🤖 AI Summary
This study addresses the limitation of current large language models (LLMs) in handling subjective cultural questions, where evaluation has predominantly emphasized factual accuracy while overlooking how expressive style influences user perception. To bridge this gap, the authors propose FRANZ—a novel framework that systematically audits model responses along four dimensions: cultural stance, generic language use, anthropomorphic cues, and adherence to conversational maxims. They also introduce SQUARE, a large-scale multilingual and multicultural corpus comprising 376,000 subjective question-answer pairs across diverse national and thematic categories. Experimental results reveal significant variation among open-source LLMs in these expressive traits, with in-group cultural alignment positively correlated with anthropomorphism—a relationship whose strength exhibits notable cross-cultural heterogeneity.
📝 Abstract
Large language models (LLMs) are being increasingly used to answer subjective, information-seeking questions, where users are sensitive to how responses are communicated, not just whether the answers are correct. Existing LLM evaluations for subjective cultural queries largely focus on factual correctness, ignoring how the response is framed.

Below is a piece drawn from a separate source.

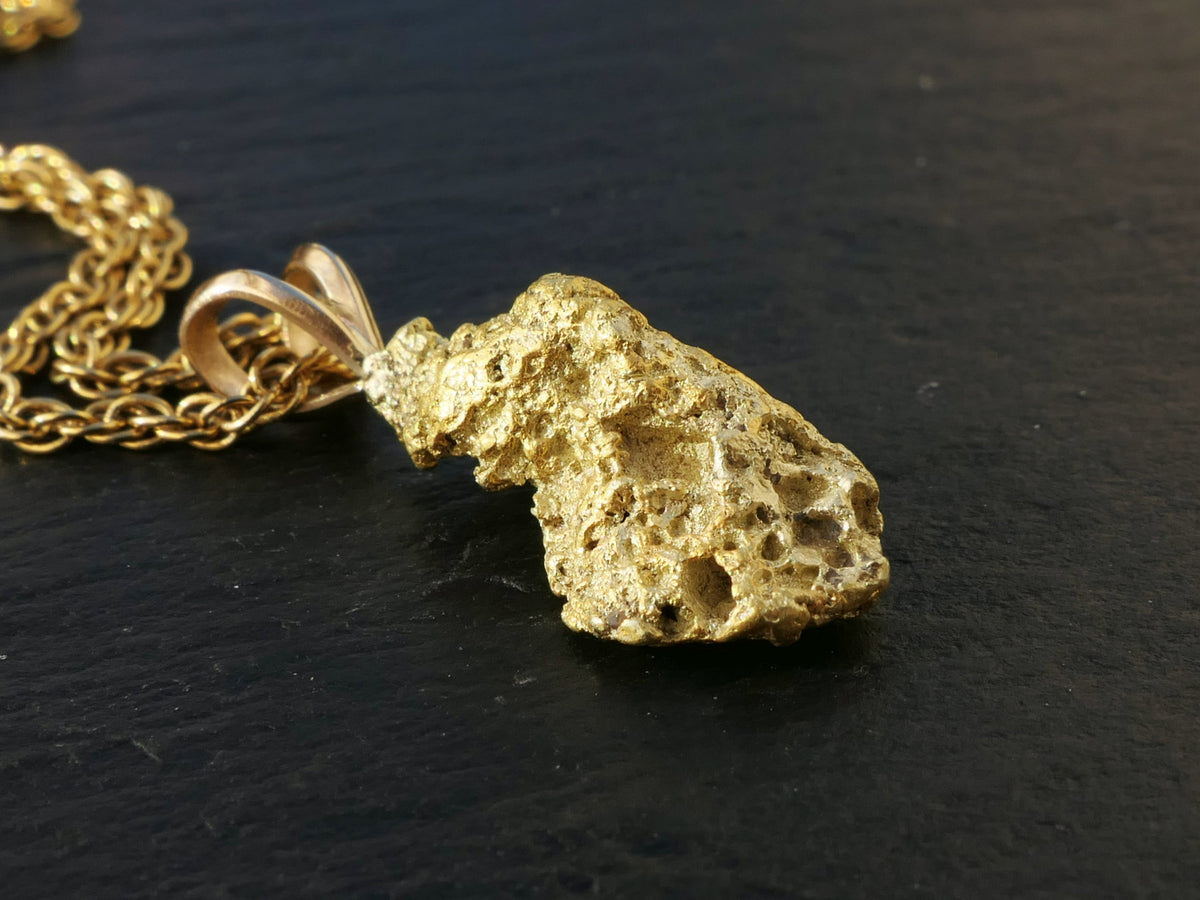 Genuine Natural Gold Nugget pendant in textured yellow gold with a porous, irregular shape and gold bail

To this end, we introduce FRANZ, an automated FRAmework for respoNse characteriZation to conduct communicative audit of LLM responses along four dimensions: cultural positioning, use of generalizing language, anthropomorphic cues, and adherence to conversational maxims. To enable this evaluation, we contribute SQUARE - a corpus of 376k subjective questions sourced from 57 subreddits, and mapped to 7 countries and 19 question categories. We demonstrate FRANZ's applicability by scoring responses from three open-weight LLMs. We observe that LLMs show statistically significant differences in the frequency with which they employ each response characteristic. Unlike single-dimensional audits, FRANZ reveals that insider positioning and anthropomorphism are positively coupled, with the degree of coupling varying by country, providing a diagnostic lens for identifying framing divergences.